Younge was followed by Begum, who worked as Diversity and Inclusion Officer at Queen Mary University, an associated institution of Goldsmiths: “As someone who has previously worked in higher education, I know your struggle.”

“I’ve seen for myself the casualisation of labour, the rising workloads and pay gaps, the falling pay and reduced pensions being normalised in higher education.” 

“If you have money to hire consultants to tell you how to cut, then you have money to protect students and staff and to invest in the long term,” she added. “You’ve spent £3.5 million on the restructure so far, that is a disgrace and a scandal.” 

Owen Jones, another Guardian columnist and activist, also spoke to the assembled crowd of around 40 staff and students: “It’s ironic that the same government that saddled students with debt are also attacking staff conditions, and then pit students against staff by saying that they’re not giving you your money’s worth,” said Jones, whose twin sister studied Fine Art at Goldsmiths, “these are classic divide and rule tactics.” 

After the event, Raven journalists asked Jones how best students could mobilise and fight for their rights during the strike: “Resist the idea that you’re customers, you’re not. You’re students.” 

“This isn’t a consumer good, it’s a social good that’s good for you and good for society. They want you to feel like you’re customers because they want to reduce everything to its market value.” 

Image shows Owen Jones talking into a microphone in front of a banner that reads "PICKET LINE, DO NOT CROSS".

Owen Jones, columnist, author and activist, speaks to the crowd.

“Your university workers fought unanimously against the tuition fees increase in 2010 and now the government are saying you should be angry with those same university workers because they’ve made you pay all that money.” 

“One of the biggest things students can do is fight back vocally against divide and rule tactics and make it clear that their anger with tuition fees and debt is directed at the government and not with their underpaid, insecure, overworked academic workers who are there to support them in education.”  

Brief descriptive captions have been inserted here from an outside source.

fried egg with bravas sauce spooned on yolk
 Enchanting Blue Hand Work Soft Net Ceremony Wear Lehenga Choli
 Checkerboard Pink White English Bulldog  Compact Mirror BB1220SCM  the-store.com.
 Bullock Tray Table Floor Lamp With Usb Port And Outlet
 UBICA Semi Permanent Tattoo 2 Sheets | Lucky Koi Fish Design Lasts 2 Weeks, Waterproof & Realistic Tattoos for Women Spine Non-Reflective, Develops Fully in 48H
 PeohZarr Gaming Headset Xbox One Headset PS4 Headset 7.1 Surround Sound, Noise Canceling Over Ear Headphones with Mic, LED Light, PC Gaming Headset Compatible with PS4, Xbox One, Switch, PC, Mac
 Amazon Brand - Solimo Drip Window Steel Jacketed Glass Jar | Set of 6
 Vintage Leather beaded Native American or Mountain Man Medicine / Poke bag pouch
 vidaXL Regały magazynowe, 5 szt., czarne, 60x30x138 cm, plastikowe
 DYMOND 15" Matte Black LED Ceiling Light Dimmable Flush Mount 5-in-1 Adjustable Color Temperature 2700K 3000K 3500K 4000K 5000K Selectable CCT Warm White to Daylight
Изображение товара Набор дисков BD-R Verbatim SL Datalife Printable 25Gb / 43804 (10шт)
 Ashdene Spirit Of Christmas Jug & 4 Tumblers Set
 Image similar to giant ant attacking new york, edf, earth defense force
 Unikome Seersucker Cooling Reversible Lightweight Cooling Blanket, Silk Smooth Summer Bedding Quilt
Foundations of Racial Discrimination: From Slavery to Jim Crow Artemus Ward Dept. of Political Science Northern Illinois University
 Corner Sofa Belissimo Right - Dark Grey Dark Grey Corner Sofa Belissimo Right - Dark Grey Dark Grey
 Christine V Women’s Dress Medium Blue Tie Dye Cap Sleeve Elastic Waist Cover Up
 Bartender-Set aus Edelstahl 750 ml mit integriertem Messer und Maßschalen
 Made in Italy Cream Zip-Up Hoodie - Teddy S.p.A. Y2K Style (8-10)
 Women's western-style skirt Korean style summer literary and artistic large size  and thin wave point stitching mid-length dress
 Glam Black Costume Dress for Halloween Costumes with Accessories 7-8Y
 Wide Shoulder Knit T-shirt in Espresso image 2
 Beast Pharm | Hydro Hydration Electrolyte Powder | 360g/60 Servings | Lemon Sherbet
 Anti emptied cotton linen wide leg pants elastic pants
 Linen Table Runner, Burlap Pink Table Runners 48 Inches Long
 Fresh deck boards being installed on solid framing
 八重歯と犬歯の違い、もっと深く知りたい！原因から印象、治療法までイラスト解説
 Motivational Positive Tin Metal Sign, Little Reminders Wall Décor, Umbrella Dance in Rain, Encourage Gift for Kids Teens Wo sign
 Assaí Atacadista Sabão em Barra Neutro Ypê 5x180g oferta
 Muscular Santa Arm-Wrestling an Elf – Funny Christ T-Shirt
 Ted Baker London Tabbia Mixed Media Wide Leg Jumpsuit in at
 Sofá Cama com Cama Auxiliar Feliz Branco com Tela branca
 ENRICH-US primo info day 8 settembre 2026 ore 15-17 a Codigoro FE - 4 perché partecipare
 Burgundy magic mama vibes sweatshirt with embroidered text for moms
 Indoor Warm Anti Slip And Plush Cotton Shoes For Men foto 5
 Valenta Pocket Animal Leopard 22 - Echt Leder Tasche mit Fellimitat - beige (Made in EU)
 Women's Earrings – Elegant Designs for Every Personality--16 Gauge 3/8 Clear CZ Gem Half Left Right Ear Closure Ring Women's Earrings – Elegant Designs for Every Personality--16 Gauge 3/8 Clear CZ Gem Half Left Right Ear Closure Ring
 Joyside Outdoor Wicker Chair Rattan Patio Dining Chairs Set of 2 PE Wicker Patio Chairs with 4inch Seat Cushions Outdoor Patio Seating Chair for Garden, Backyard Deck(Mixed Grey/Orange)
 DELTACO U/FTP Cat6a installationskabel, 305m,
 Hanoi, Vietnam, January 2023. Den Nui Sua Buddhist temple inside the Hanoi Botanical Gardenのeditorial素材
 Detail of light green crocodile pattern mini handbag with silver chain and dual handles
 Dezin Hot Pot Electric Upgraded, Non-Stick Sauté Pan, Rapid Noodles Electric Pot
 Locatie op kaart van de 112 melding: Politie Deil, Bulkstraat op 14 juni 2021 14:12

“Spreading that message to other students is very important.” 

“Labour has abdicated its responsibilities as an opposition, but for now at least their policy remains to abolish tuition fees; you can’t trust a single word Keir Starmer says, but that remains the official policy.” 

“Another thing students can do is put pressure on the Labour leadership to stand by that proposal.”

Later that day, GUCU members voted to continue the strike into the next term should the senior management team continue to push ahead with their current plans. 

Details of what that continued industrial action will look like are still being figured out and students will have to wait until the new year for a clearer understanding of how things will work. 

Goldsmiths students have announced a tuition fee strike in solidarity with staff strikes.